BEGIN Dataset content

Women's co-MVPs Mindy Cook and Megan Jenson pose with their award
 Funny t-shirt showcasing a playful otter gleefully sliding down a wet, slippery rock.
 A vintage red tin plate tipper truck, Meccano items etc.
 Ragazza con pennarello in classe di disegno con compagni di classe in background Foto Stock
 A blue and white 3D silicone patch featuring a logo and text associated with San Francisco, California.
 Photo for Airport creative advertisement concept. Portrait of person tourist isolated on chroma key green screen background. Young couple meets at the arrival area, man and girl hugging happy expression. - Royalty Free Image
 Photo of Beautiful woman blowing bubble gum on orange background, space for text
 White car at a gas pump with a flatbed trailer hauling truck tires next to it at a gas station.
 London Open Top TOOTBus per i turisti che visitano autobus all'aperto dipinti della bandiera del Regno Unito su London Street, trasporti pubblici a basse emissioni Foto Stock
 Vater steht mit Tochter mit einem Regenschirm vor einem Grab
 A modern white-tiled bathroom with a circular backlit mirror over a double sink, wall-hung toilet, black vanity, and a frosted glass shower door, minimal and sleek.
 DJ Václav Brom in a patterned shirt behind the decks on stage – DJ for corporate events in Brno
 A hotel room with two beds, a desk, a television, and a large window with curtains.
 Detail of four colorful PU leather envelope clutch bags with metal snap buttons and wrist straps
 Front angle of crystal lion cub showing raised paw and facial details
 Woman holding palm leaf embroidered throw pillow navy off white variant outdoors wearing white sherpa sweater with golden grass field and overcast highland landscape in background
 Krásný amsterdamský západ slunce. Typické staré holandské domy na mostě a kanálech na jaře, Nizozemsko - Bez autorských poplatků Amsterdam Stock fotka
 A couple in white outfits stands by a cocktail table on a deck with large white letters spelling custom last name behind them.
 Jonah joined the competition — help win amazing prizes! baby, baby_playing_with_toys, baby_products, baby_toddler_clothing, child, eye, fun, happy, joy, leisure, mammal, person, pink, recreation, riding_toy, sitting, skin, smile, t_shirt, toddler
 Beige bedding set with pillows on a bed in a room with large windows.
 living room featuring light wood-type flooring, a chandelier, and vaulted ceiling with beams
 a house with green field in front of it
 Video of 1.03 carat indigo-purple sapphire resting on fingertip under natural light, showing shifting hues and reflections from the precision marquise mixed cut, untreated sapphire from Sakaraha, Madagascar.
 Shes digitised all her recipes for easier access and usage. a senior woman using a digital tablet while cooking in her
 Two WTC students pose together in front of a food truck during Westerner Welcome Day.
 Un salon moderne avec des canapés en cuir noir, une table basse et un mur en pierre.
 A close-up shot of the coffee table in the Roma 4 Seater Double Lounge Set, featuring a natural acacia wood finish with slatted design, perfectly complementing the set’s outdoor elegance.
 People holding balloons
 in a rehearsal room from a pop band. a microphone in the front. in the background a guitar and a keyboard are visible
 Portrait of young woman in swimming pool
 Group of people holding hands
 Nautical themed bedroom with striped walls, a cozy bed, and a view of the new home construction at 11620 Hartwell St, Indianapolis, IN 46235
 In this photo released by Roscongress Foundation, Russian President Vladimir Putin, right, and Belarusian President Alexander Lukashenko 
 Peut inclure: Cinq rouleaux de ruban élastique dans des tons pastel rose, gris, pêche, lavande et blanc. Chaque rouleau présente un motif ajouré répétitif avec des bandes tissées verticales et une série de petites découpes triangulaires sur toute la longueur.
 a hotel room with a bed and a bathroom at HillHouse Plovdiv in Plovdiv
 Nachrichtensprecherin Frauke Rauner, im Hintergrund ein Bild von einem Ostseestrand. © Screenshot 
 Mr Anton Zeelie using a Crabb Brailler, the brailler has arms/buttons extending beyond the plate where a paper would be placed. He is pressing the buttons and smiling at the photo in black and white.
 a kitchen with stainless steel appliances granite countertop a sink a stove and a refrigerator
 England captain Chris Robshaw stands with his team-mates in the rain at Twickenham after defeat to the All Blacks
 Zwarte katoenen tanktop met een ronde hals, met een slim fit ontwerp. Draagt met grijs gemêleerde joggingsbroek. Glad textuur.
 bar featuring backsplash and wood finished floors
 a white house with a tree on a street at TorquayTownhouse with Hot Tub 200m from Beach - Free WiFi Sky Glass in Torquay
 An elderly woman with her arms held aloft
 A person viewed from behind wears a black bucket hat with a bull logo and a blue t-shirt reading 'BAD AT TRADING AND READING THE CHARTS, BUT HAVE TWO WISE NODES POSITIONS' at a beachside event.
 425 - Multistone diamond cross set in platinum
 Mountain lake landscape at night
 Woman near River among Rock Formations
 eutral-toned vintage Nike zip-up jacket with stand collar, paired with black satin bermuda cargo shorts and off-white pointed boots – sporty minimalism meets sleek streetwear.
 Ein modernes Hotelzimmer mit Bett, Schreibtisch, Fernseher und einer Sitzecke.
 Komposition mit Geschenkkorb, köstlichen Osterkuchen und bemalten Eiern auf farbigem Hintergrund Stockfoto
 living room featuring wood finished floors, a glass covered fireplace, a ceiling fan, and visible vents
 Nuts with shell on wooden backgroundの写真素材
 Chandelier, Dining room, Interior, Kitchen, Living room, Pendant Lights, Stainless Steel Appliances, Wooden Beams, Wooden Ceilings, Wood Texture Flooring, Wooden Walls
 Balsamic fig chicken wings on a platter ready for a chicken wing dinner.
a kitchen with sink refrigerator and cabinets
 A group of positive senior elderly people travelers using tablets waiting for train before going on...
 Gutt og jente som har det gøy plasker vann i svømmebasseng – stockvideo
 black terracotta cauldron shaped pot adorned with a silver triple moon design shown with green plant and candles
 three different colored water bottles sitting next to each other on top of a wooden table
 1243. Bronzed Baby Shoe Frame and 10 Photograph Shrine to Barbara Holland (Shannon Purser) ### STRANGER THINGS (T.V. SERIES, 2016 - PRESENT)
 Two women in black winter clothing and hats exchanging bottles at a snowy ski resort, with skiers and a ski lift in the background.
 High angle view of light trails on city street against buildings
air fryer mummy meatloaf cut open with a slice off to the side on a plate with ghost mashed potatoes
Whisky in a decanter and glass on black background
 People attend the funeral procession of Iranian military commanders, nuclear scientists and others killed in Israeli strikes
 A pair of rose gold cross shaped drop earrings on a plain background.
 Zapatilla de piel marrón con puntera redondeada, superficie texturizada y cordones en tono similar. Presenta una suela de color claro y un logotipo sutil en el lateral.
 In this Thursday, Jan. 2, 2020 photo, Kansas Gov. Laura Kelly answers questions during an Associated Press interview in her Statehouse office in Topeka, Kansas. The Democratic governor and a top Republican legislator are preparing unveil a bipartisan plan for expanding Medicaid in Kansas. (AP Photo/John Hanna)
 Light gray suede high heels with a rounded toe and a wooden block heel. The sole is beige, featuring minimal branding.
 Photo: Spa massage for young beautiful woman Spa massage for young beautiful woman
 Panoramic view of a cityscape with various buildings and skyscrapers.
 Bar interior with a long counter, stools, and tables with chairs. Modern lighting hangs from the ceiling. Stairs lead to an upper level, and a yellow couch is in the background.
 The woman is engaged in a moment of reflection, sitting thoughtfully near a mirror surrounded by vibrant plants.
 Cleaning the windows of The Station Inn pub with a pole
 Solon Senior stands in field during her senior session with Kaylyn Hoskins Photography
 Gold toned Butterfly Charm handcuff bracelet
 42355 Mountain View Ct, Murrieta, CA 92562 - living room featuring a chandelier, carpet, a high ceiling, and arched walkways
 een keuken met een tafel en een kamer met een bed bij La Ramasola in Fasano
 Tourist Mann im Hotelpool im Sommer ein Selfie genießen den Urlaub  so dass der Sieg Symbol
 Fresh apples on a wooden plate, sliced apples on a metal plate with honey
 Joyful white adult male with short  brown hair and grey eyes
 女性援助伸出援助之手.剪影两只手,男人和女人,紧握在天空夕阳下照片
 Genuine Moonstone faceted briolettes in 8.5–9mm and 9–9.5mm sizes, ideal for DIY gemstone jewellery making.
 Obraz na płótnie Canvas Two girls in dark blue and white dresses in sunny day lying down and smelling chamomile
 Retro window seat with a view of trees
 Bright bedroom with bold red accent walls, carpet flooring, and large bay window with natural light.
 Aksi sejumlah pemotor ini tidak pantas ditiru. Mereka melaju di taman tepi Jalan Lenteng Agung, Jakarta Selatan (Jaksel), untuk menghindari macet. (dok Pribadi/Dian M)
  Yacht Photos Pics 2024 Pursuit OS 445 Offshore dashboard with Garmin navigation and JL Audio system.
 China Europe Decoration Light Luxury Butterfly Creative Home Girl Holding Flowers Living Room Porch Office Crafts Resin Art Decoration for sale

END Dataset content

Copy word for word the stretch of entries above from the line that has "living room featuring wood" through the line that has "Whisky in a", both ends included, and nothing outside it.

Response area:
 living room featuring wood finished floors, a glass covered fireplace, a ceiling fan, and visible vents
 Nuts with shell on wooden backgroundの写真素材
 Chandelier, Dining room, Interior, Kitchen, Living room, Pendant Lights, Stainless Steel Appliances, Wooden Beams, Wooden Ceilings, Wood Texture Flooring, Wooden Walls
 Balsamic fig chicken wings on a platter ready for a chicken wing dinner.
a kitchen with sink refrigerator and cabinets
 A group of positive senior elderly people travelers using tablets waiting for train before going on...
 Gutt og jente som har det gøy plasker vann i svømmebasseng – stockvideo
 black terracotta cauldron shaped pot adorned with a silver triple moon design shown with green plant and candles
 three different colored water bottles sitting next to each other on top of a wooden table
 1243. Bronzed Baby Shoe Frame and 10 Photograph Shrine to Barbara Holland (Shannon Purser) ### STRANGER THINGS (T.V. SERIES, 2016 - PRESENT)
 Two women in black winter clothing and hats exchanging bottles at a snowy ski resort, with skiers and a ski lift in the background.
 High angle view of light trails on city street against buildings
air fryer mummy meatloaf cut open with a slice off to the side on a plate with ghost mashed potatoes
Whisky in a decanter and glass on black background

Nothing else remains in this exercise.